What the exercise asks>
When copying the listing below, skip every picture and keep each word as it stands.

Dataset extract>
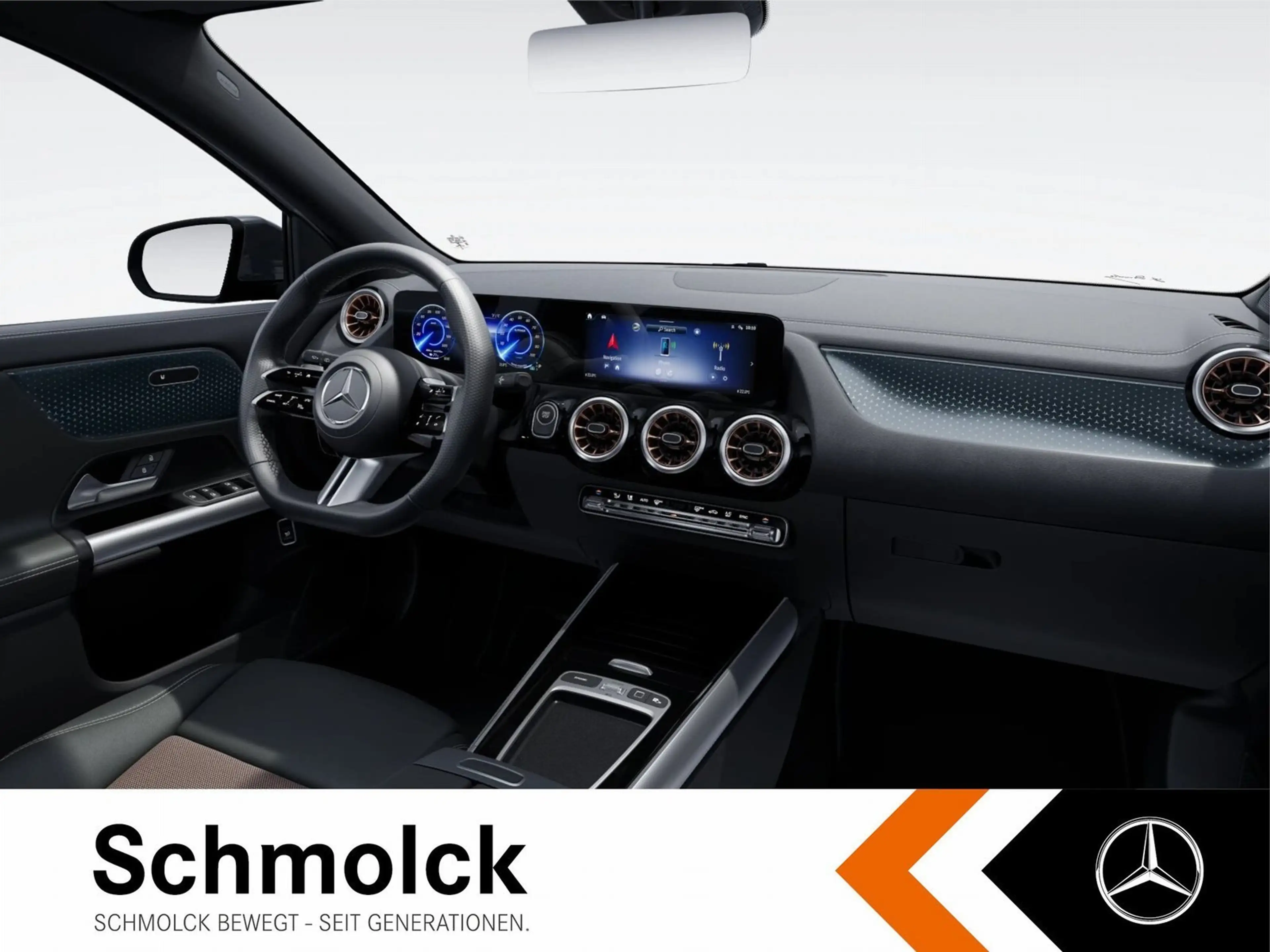 Mercedes-Benz EQA 350 4M EL ART+20 AMG+LED+AHK+DSTR+NGHT+360++ — photo 11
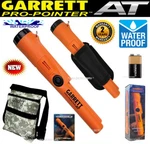 Garrett Waterproof Metal Detector Pinpointer With Camo Pouch. Fixed Price $123.99.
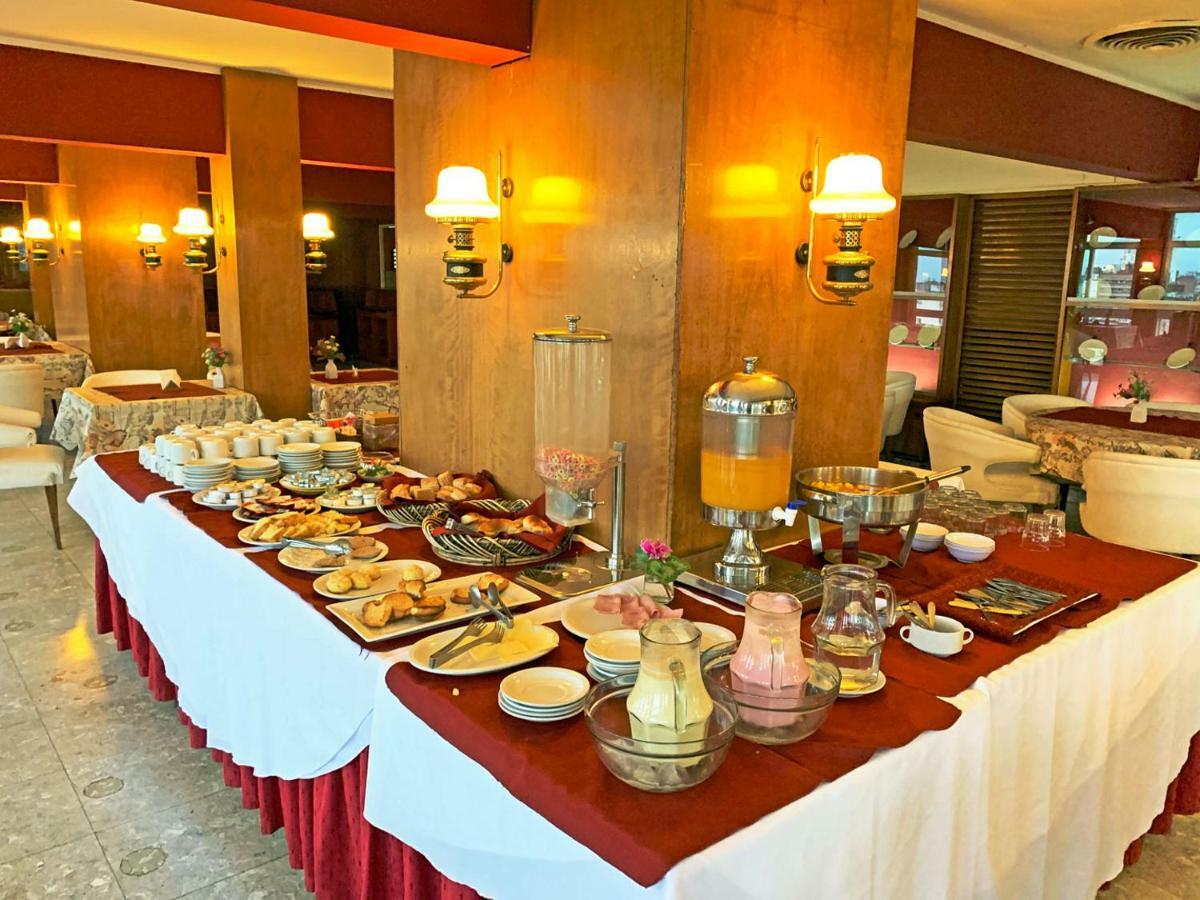 Hotel Sussex Córdoba Buitenkant foto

Solution to this exercise>
 Mercedes-Benz EQA 350 4M EL ART+20 AMG+LED+AHK+DSTR+NGHT+360++ — photo 11
 Garrett Waterproof Metal Detector Pinpointer With Camo Pouch. Fixed Price $123.99.
 Hotel Sussex Córdoba Buitenkant foto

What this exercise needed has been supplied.